- _YOUR INSTRUCTIONS_
When you reproduce the listing, keep every word as it is and drop the pictures.

******

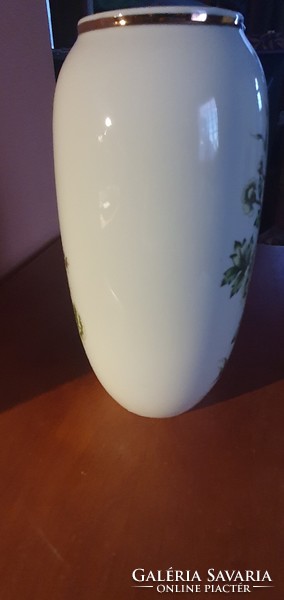 Hollóház porcelain vase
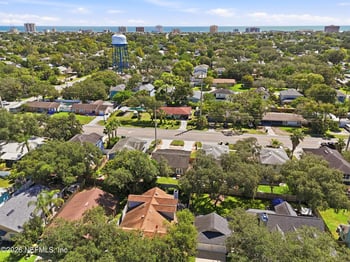 1052 Penman Rd, Jacksonville Beach, FL 32250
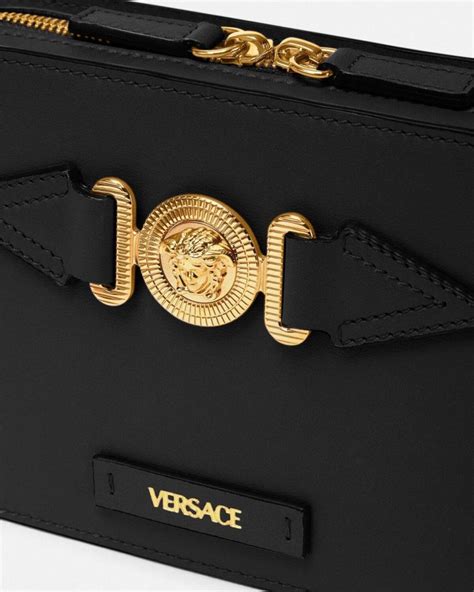 sacoche versace medusa homme|Sacs et sacoches de luxe homme .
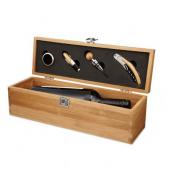 Wine set in bamboo box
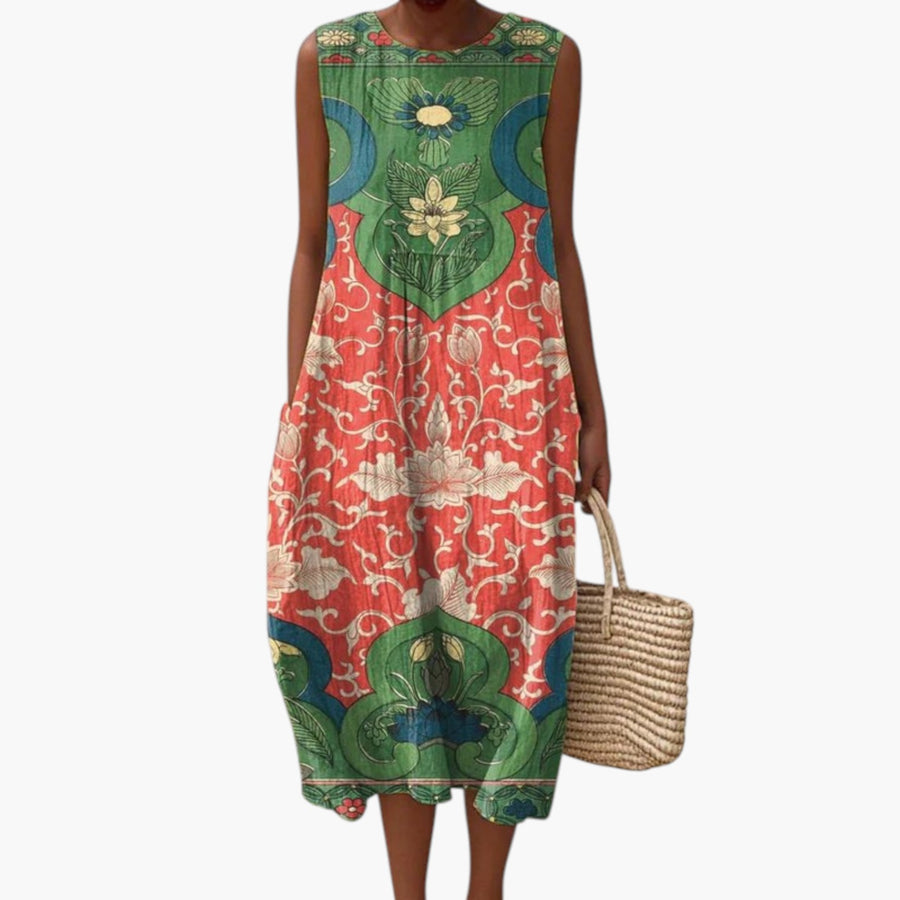My Store 4 Vera Bohemian midi jurk met kleurrijk bloemenpatroon in rood en groen op een strand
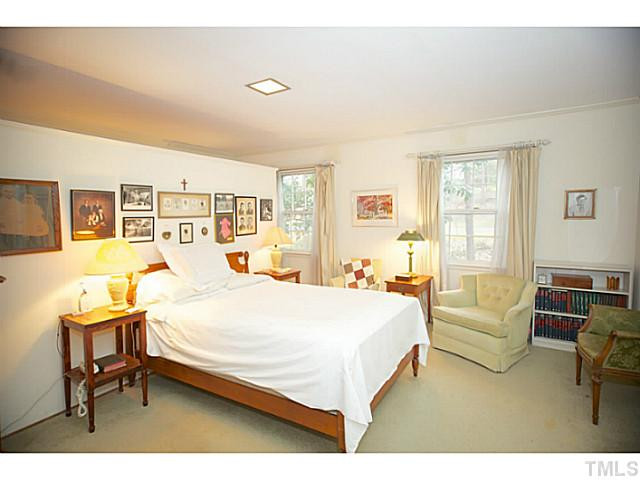 1313 Woodburn Road Durham, NC 27705 - Photo 16 of 21 Photo 16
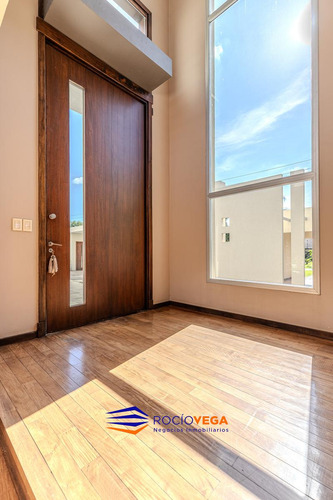 Casa En Venta En Country San Diego Moreno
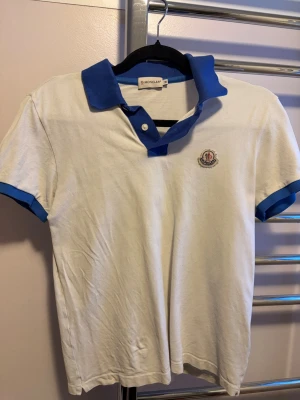 Moncler pike - Säljer en väldigt snygg och unik moncler piké i storlek M. Fler bilder kan skickas vid intresse. Självklart är den äkta. Priset kan diskuteras vid snabb affär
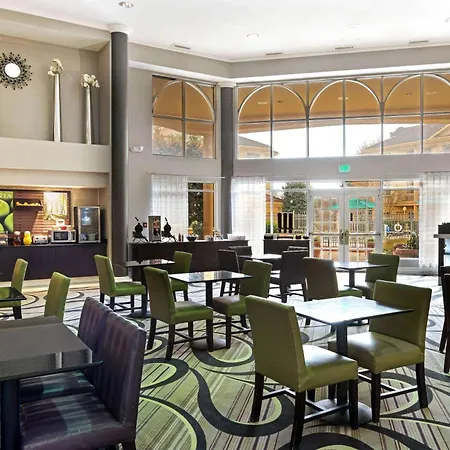 La Quinta By Wyndham Macon-2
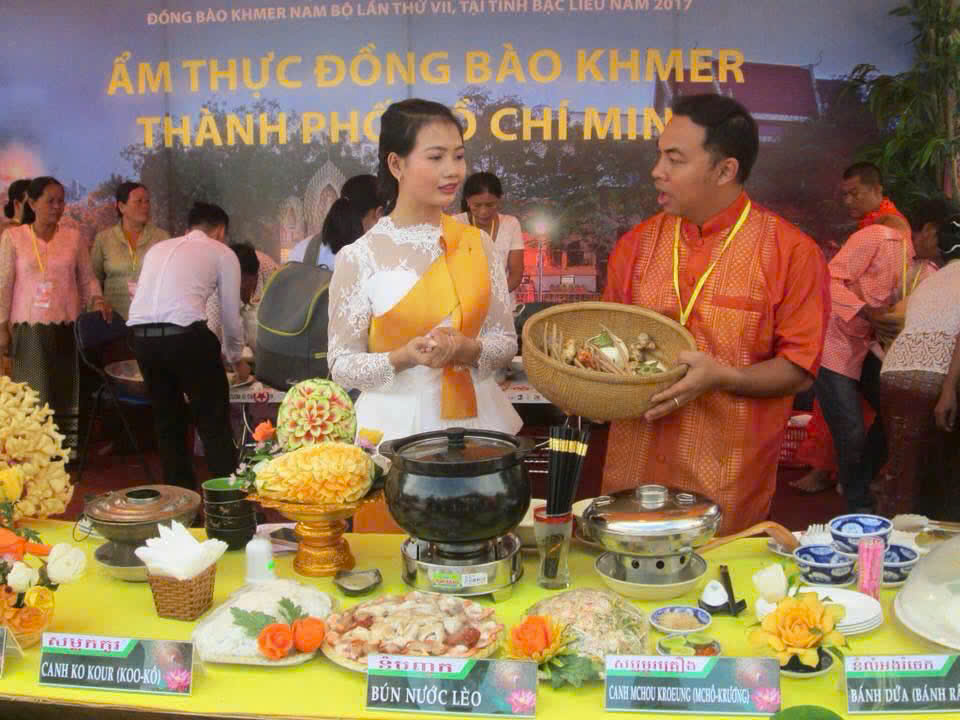 Cô gái Khmer giúp ba thực hiện ước mơ: Mong con có quần áo đẹp ngày Tết - Ảnh 4.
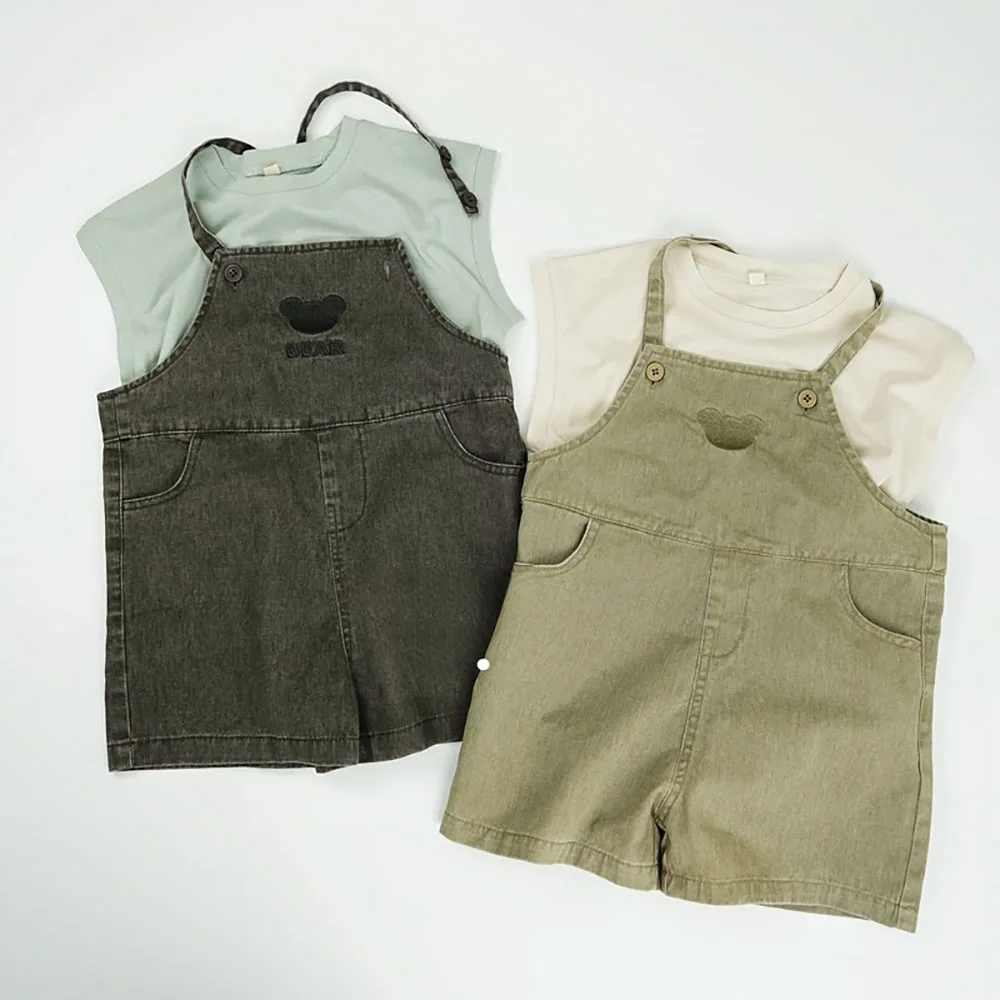 Novedad de verano, pantalones cortos vaqueros informales holgados a la moda de algodón de estilo coreano para niños con tirantes y bordado de oso Unisex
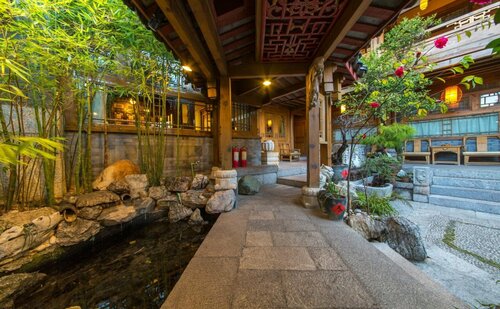 Zen Garden Wuyi, Забронировать Отель Лицзян Юньнань, рядом с Zhongyi Market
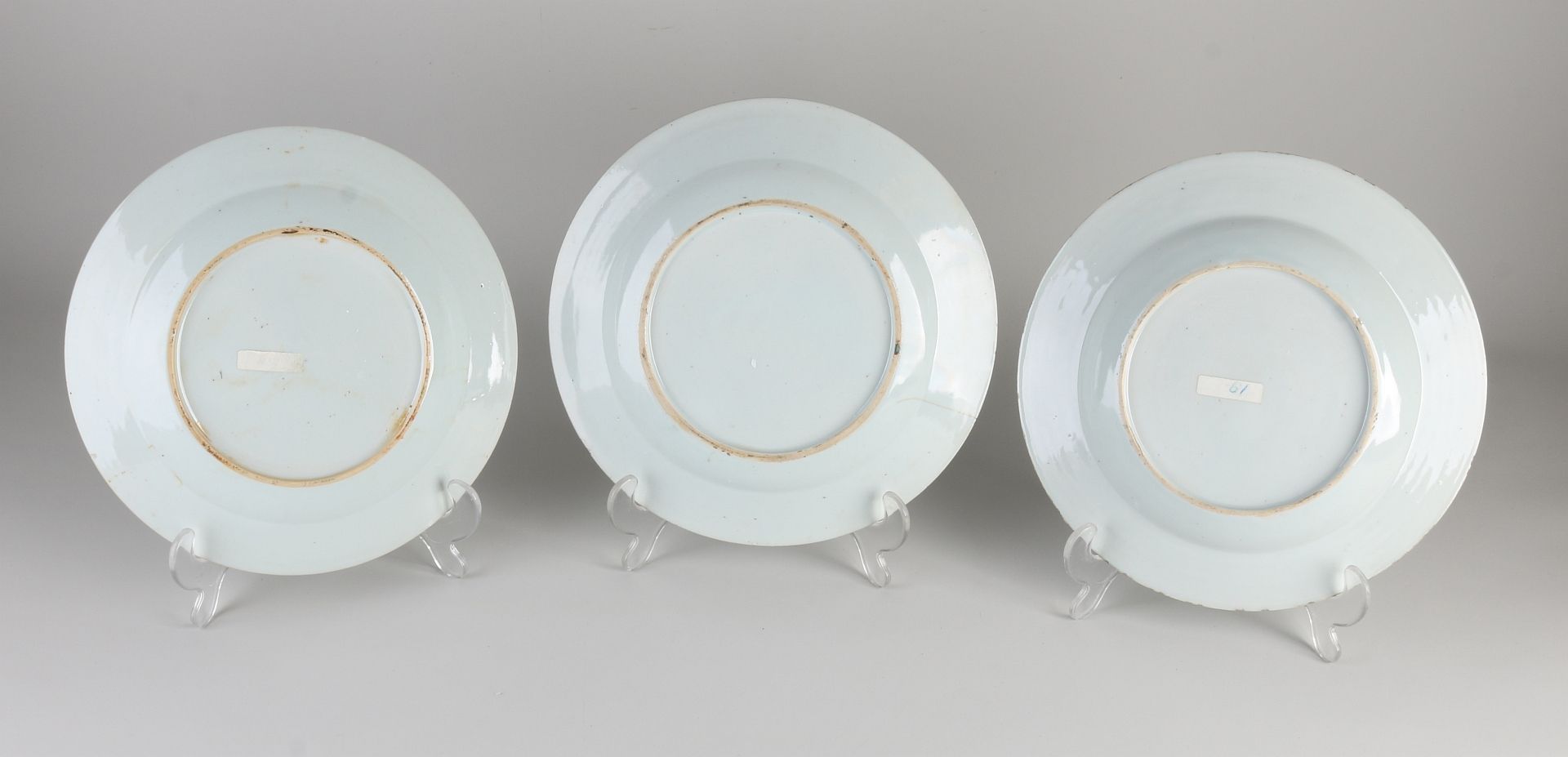 Three Chinese Family Rose plates Ø 22 cm. - Bild 2 aus 2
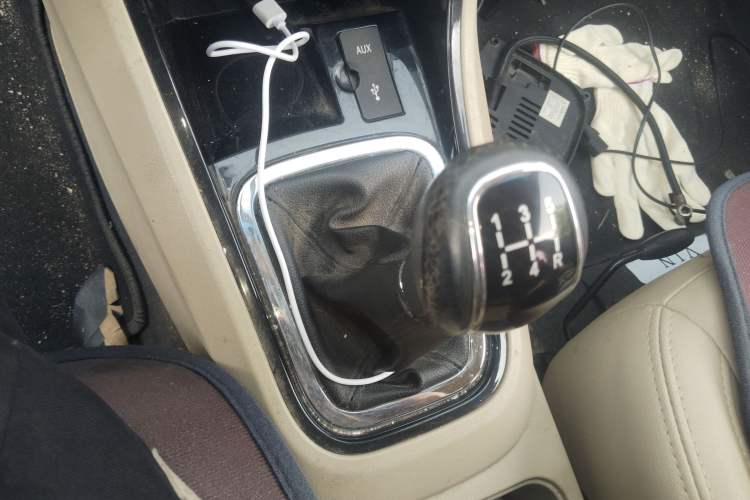 Used Chery E3 2013 1.5L Manual ZhiShang Model Gear Lever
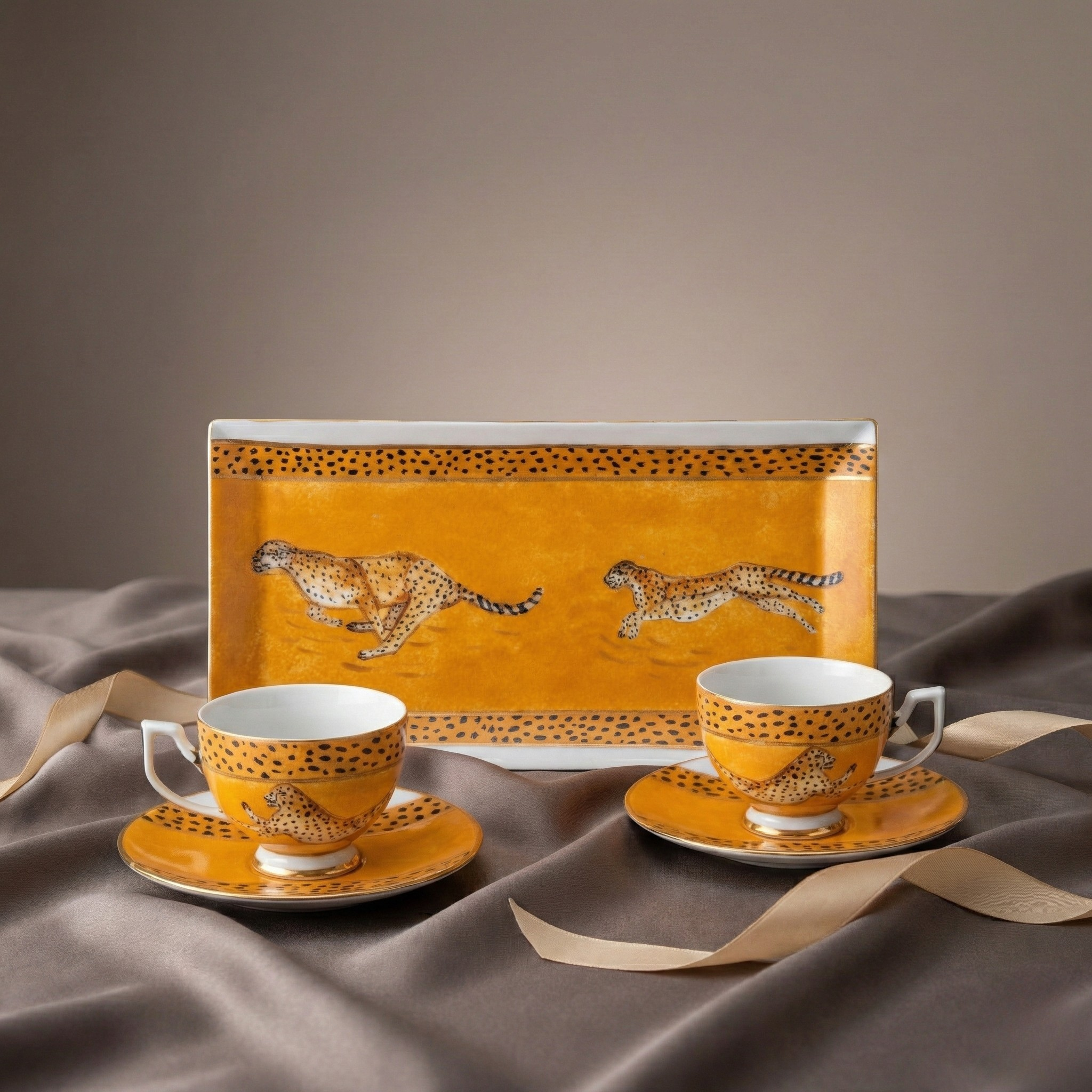 Porselen İkili Çay Fincanı ve Tepsisi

******

- _RESULT FOR THIS EXERCISE_
 Hollóház porcelain vase
 1052 Penman Rd, Jacksonville Beach, FL 32250
 sacoche versace medusa homme|Sacs et sacoches de luxe homme .
 Wine set in bamboo box
My Store 4 Vera Bohemian midi jurk met kleurrijk bloemenpatroon in rood en groen op een strand
 1313 Woodburn Road Durham, NC 27705 - Photo 16 of 21 Photo 16
 Casa En Venta En Country San Diego Moreno
 Moncler pike - Säljer en väldigt snygg och unik moncler piké i storlek M. Fler bilder kan skickas vid intresse. Självklart är den äkta. Priset kan diskuteras vid snabb affär
 La Quinta By Wyndham Macon-2
 Cô gái Khmer giúp ba thực hiện ước mơ: Mong con có quần áo đẹp ngày Tết - Ảnh 4.
 Novedad de verano, pantalones cortos vaqueros informales holgados a la moda de algodón de estilo coreano para niños con tirantes y bordado de oso Unisex
 Zen Garden Wuyi, Забронировать Отель Лицзян Юньнань, рядом с Zhongyi Market
 Three Chinese Family Rose plates Ø 22 cm. - Bild 2 aus 2
 Used Chery E3 2013 1.5L Manual ZhiShang Model Gear Lever
 Porselen İkili Çay Fincanı ve Tepsisi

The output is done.